Información General

El señor del aroma acaramelado

No tenía edad. Y porvenir, vaya uno a saber. Pero sí bigotes y un gorro de cocinero. Su lugar en el mundo estaba en la primera cuadra de Bulevar Santa Fe de la ciudad de Rafaela, cuando esa vereda tenía como regente mayor al Cine Avenida, aquél de la portada con una cara cómica que desplegaba dos brazos gigantes custodiando sendos locales laterales. El hombre administraba su pequeña empresa con mínimos movimientos y la seriedad que lo caracterizaba. No recuerdo su sonrisa alguna vez pero sí toda la ternura para entregar su codiciado producto. 

Era una visita obligada cuando nos llevaban a la plaza, o cuando íbamos al cine, o cuando paseábamos en la primera cita. Siempre fue necesario llevar ese sabor particular para asegurar la compañía afectiva.

Los otros sitios estratégicos se daban en algunas esquinas o en los acontecimientos públicos y sociales de gran demanda como eran las entradas a los bailes en clubes de barrio, fiestas cívicas, espectáculos en general. En todos los casos con la impecable figura de inmaculada indumentaria.

El triciclo que lo trasladaba y le permitía portar todo el repertorio para trabajar, también fue un ícono inolvidable. Era llegar, instalar el equipo, afirmar esas ruedas incansables, desplegar el menaje, y una vez reunidos los ingredientes y asegurar el fuego pelusa, iniciar esos vaivenes ondulantes y circulares de la paila de cobre sostenida por su brazo mientras otra mano removía con la cuchara de madera.

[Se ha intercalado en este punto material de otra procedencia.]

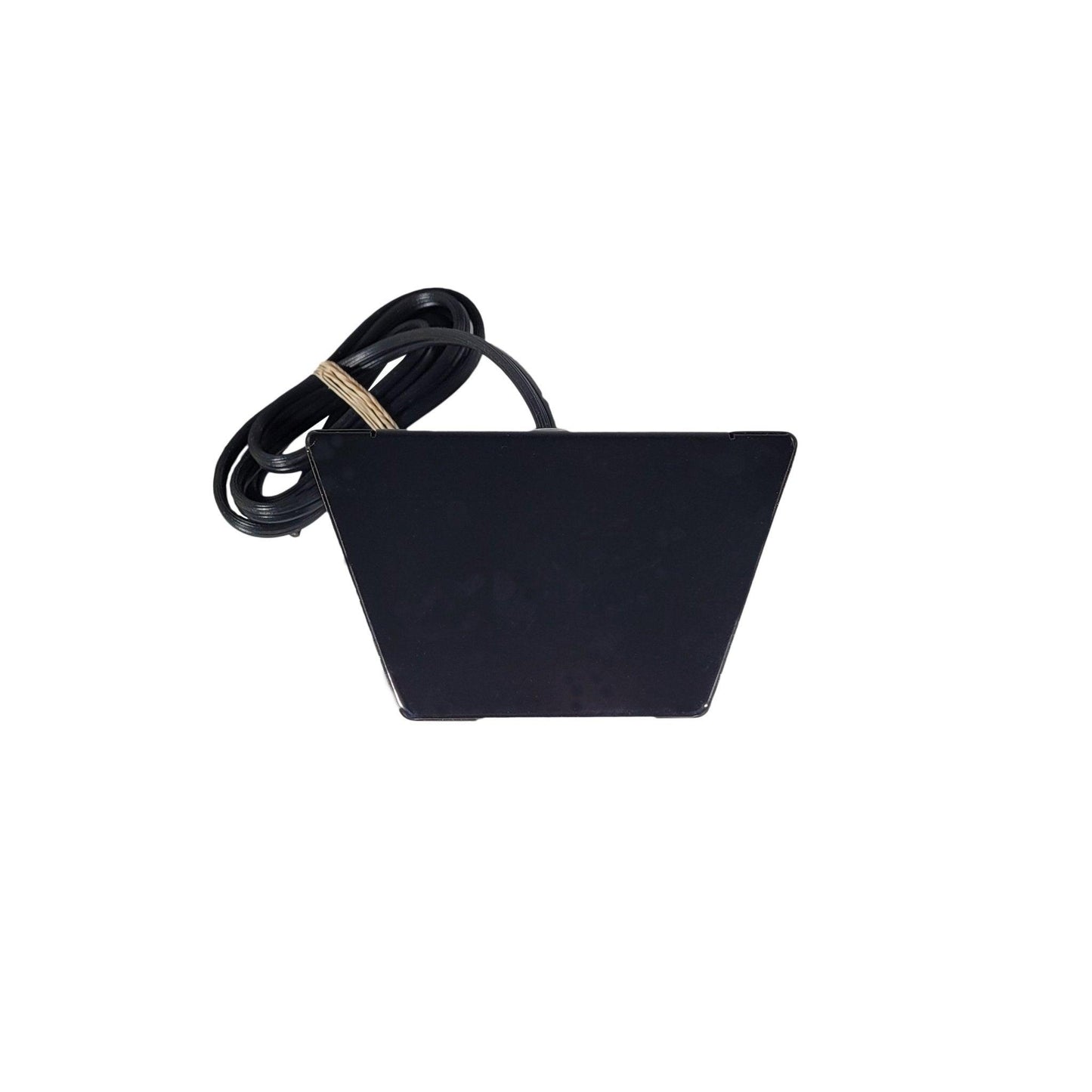 Hex LED Deck Light - Silhouette Lights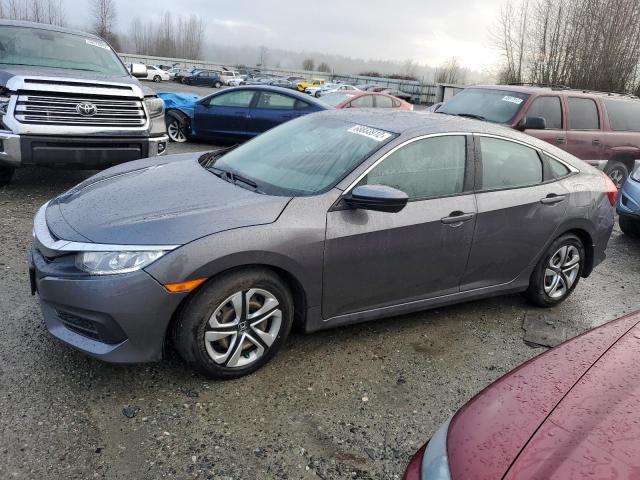 HONDA CIVIC LX 2016 2hgfc2f55gh556120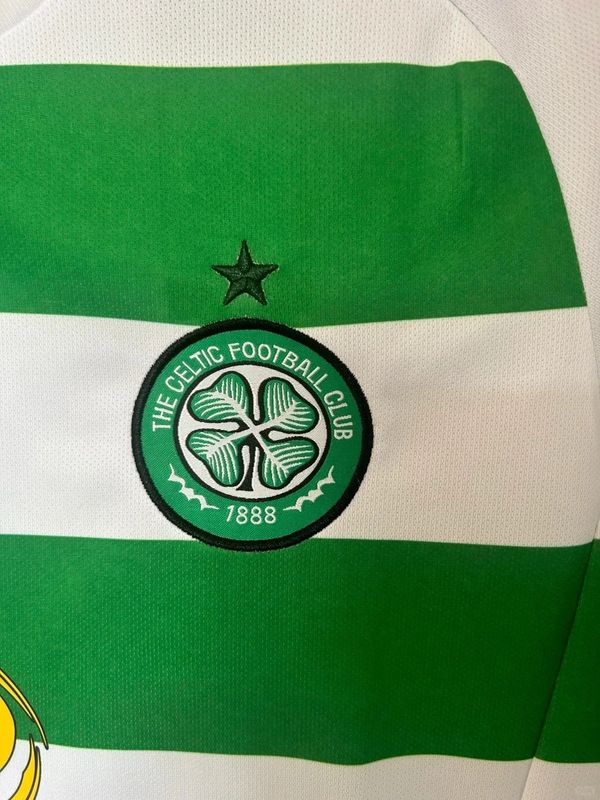 Celtic FC 2024-2025 home game - Image 6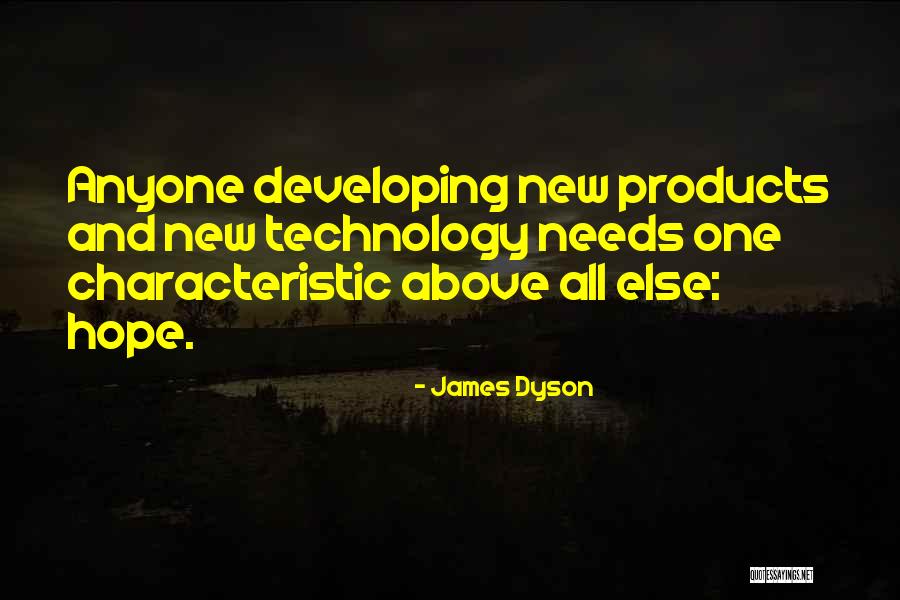 James Dyson Quotes 1875559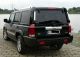 2012 Jeep  Commander 3.0 CRD Overland with VAT Off-road Vehicle/Pickup Truck Used vehicle (

Accident-free ) photo 7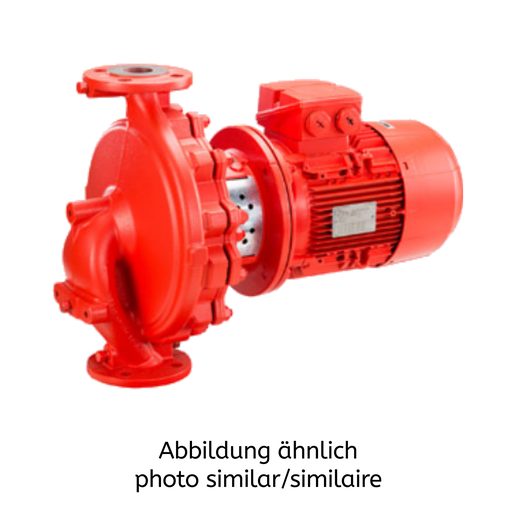 Etaline ETL 032-032-160 GGSAV11D200074  BKSBIE3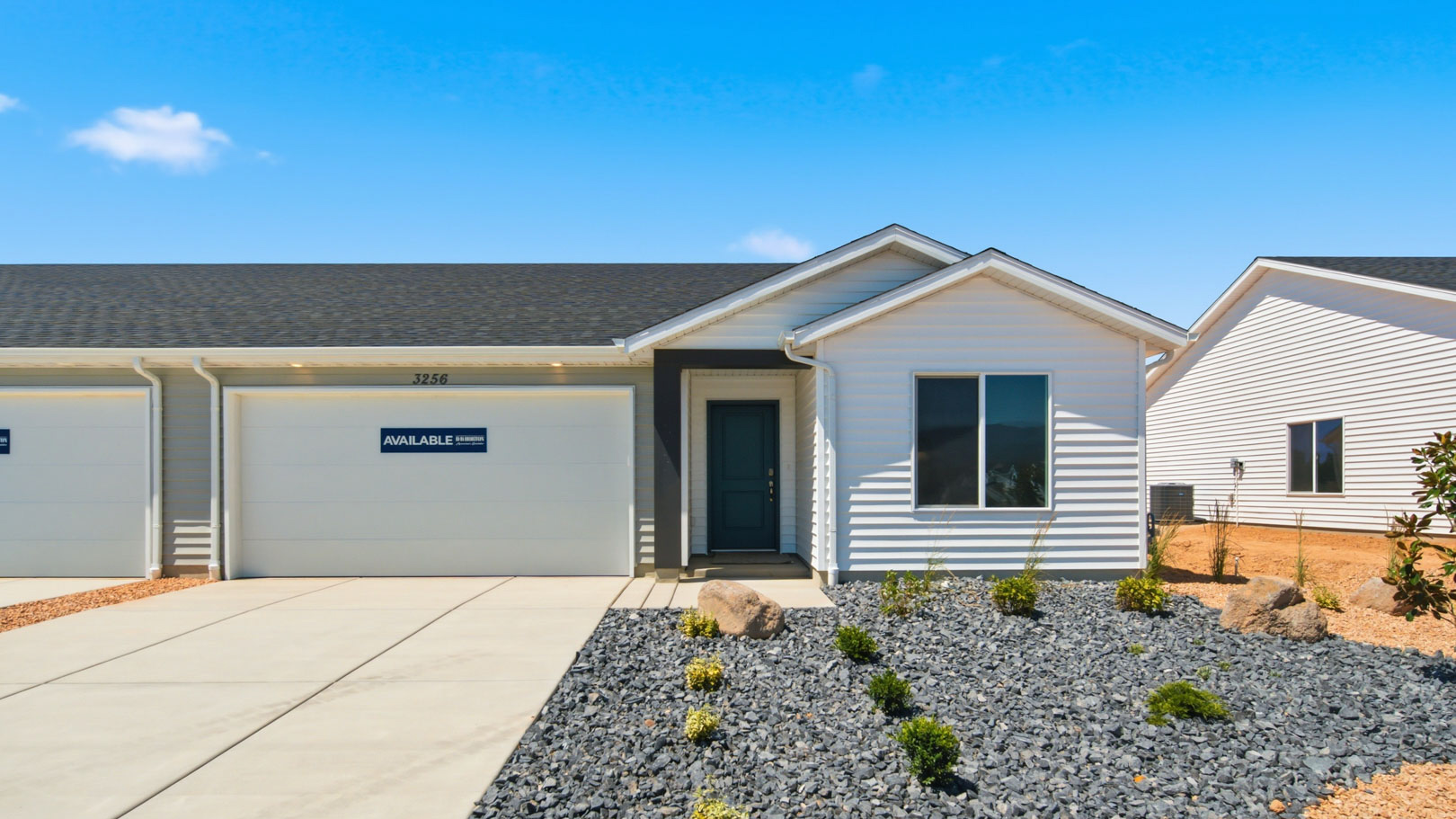 new homes for sale in Cedar City Utah.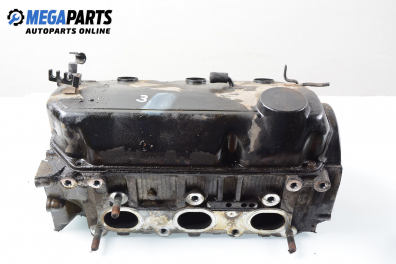 Engine head for Mitsubishi Galant VIII 2.5 V6 24V, 163 hp, station wagon, 5 doors automatic, 1997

Era tan sencillo lo que veíamos, después envasar la tanda y entregarlos bien “calientitos”, como decía mi nona. Nos llevábamos uno y llegábamos a casa entusiasmados con la posibilidad de reproducir esas acciones. Hasta que probábamos mil veces y nunca nos salió como a él. Marca registrada, praliné con copyright. Qué lo parió.   

Con el tiempo, supe que don Eñiguez era el abuelo de mi amigo, y no se lo creí hasta que un día pasamos a saludarlo y tuve que rendirme ante la evidencia. No podía ser que ese adolescente fuera nieto de nuestro pralinero por excelencia. El artífice de esa golosina de culto. Un pionero del reality gourmet.

Nunca habrá otro igual. Tan referente. Tan protagonista. Tan honesto. Tan sincero. Tan folklórico. Tan eterno. Tampoco bolsitas de papel blanco con esas dimensiones generosas que nunca permitirán compararse con las actuales tan finitas y transparentes que permiten contar los pocos granitos de garrapiñada desde afuera. Y aquel aroma que nos atraía a su propuesta, seguiremos teniéndolo presente por los siglos de los siglos. Lo que nos falta es… la niñez, el cine y alguna cosa más de aquellos tiempos…

Antonio Rafael Eñiguez nació en Rafaela el 11 de agosto de 1919 y falleció en la misma ciudad el 21 de enero de 1984. Estaba casado con Luisa Figueroa, santiagueña, con quien tuvo seis hijos, cinco mujeres y un varón que cuando nacieron vivían en el conventillo de 25 de Mayo 241.